Она, конечно, менялась и у меня, и у Игоря Евгеньевича Тамма (академик АН СССР, Герой Социалистического Труда, Нобелевский лауреат — М. Л.). Хотя он был гораздо старше, мы были близки. Мы работали тогда в закрытом городе, очень много общались и, кажется, легко понимали друг друга.

— Как вам там жилось?

— С утра шли на работу, за завтраком, обедом и ужином вели беседы на вольные темы, а после рабочего дня я приходил в коттедж Игоря Евгеньевича, и мы вели разговоры по душам. Так у нас с ним продолжалось три года, потом ему разрешили вернуться к науке, и это было правильно, он к этому был наиболее приспособлен. А я остался. Ещё очень драматические события в разработке наших изделий ждали впереди. В Москве я бывал не часто, но всякий раз приходил к Игорю Евгеньевичу, наши отношения оставались близкими. Хотя я с течением времени как-то дальше эволюционировал…
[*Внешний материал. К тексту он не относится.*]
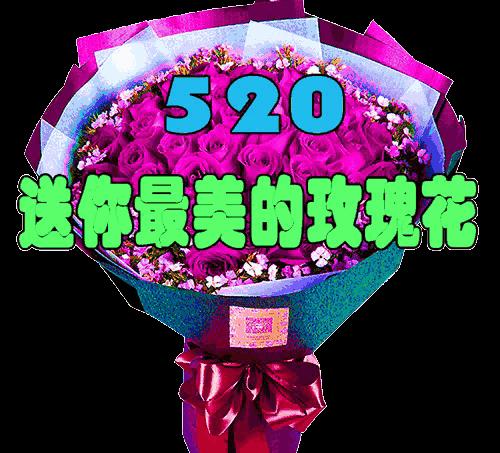520送你最美的玫瑰花,520把最美的祝福送给幸福的你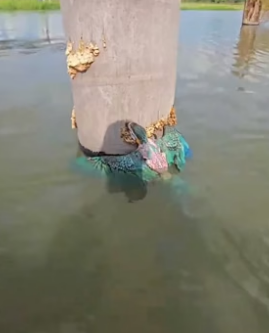 D1105011_A kind woman rescued a trapped baby macaw and then this happened…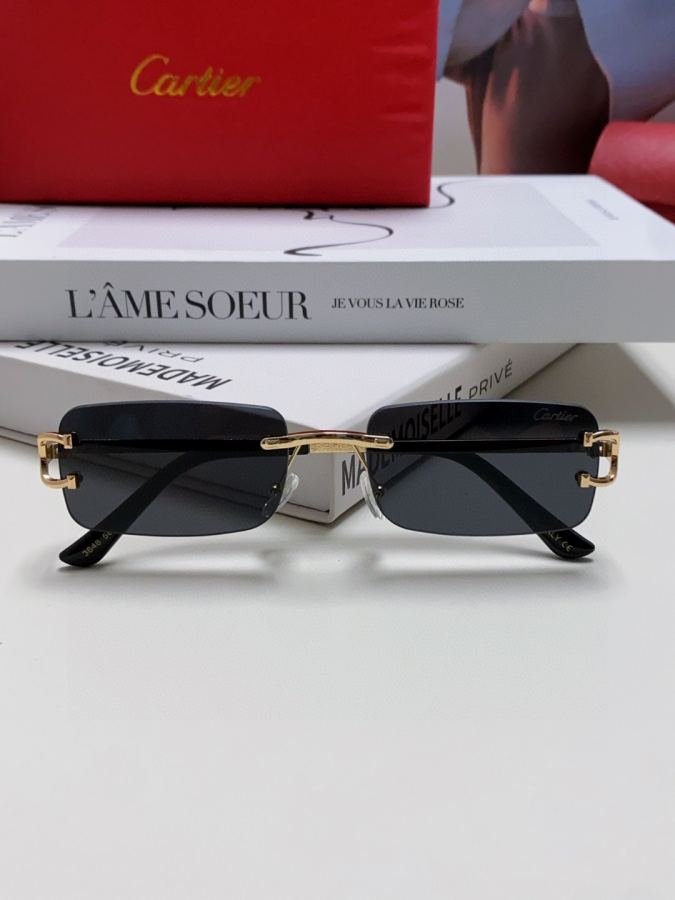 Occhiali da sole Cartier 2025 Nuovo — photo 8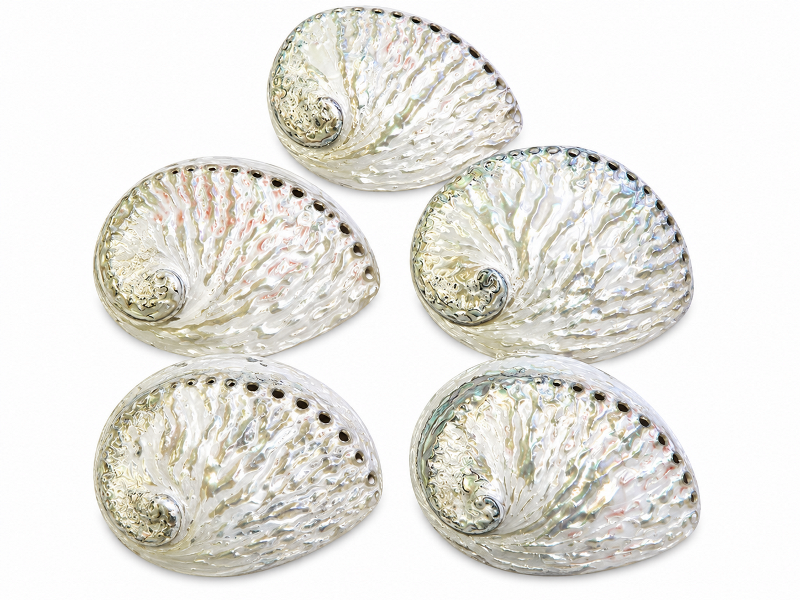 Abalone Shell Natural Polished 13-14cm CodeS021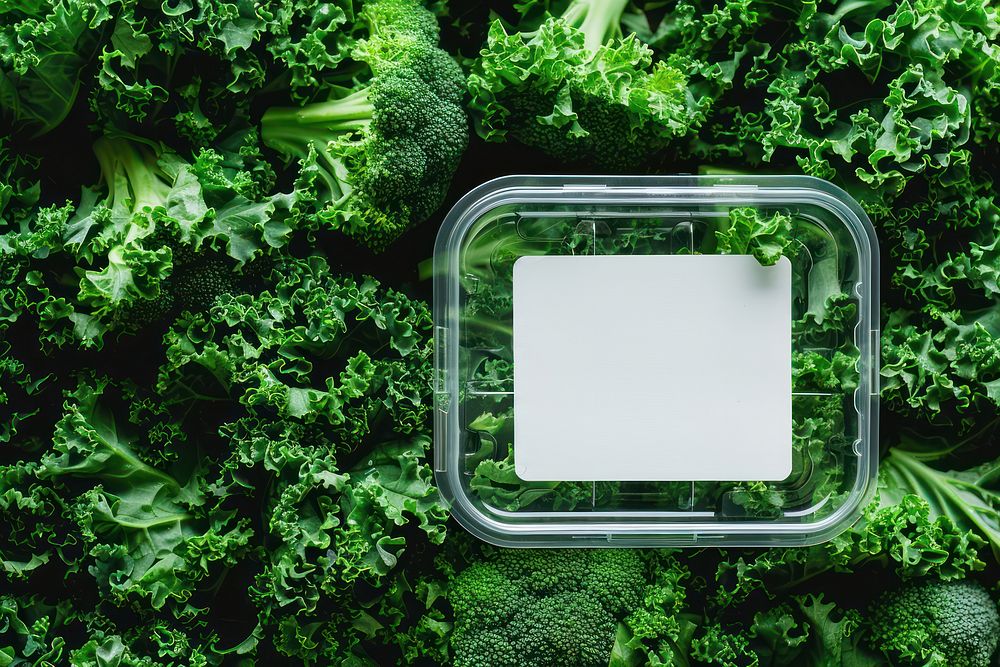 Lunchbox packaging vegetable food vegetation.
Е. Боннэр: Игорь Евгеньевич был гораздо старше, тут-то эффект возраста и сказался. Ведь он был из поколения «отцов» по отношению к Андрею Дмитриевичу и, как всякий старший, мог эволюционировать до какого-то предела…

А. Сахаров: Верно. Однако он продолжал относиться ко мне с уважением. Я думаю, он просто любил меня.

Е. Боннэр: Знаете, когда Игорь Евгеньевич получил Ломоносовскую премию, он уже был тяжко болен, не мог двигаться… Но из большого количества своих учеников он именно Андрею поручил представлять его на церемонии вручения…

А. Сахаров: Не потому, что у меня красивый голос, он как раз некрасивый…

Е. Боннэр: И не потому, что у Сахарова были Звёзды Героя. Нет, выбор Игоря Евгеньевича был основан на внутренней близости, и это ощущалось.

А. Сахаров: И сейчас её ощущаю. Ну, вернемся к мотивировке? Я однажды признался Игорю Евгеньевичу, как мне тяжело, мучительно сознавать, каким ужасным всё-таки делом мы занимаемся. Он очень чутко воспринял мои слова, хоть они и были для него неожиданными. Ведь нас захватывало ощущение масштабности, грандиозности дела, которым занимались. Я сейчас вспомнил слова Эйхмана о том, в каком он был восторге, узнав, что именно ему, простому выходцу из германской деревни, доведется исполнять такую крупную акцию… Этот ажиотаж и эта гордость за масштаб, видимо, свойственны людям, хотя я и надеюсь, что параллель с Эйхманом очень, очень частичная…

— И после того разговора с Учителем вы, Андрей Дмитриевич, стали понимать свою работу иначе?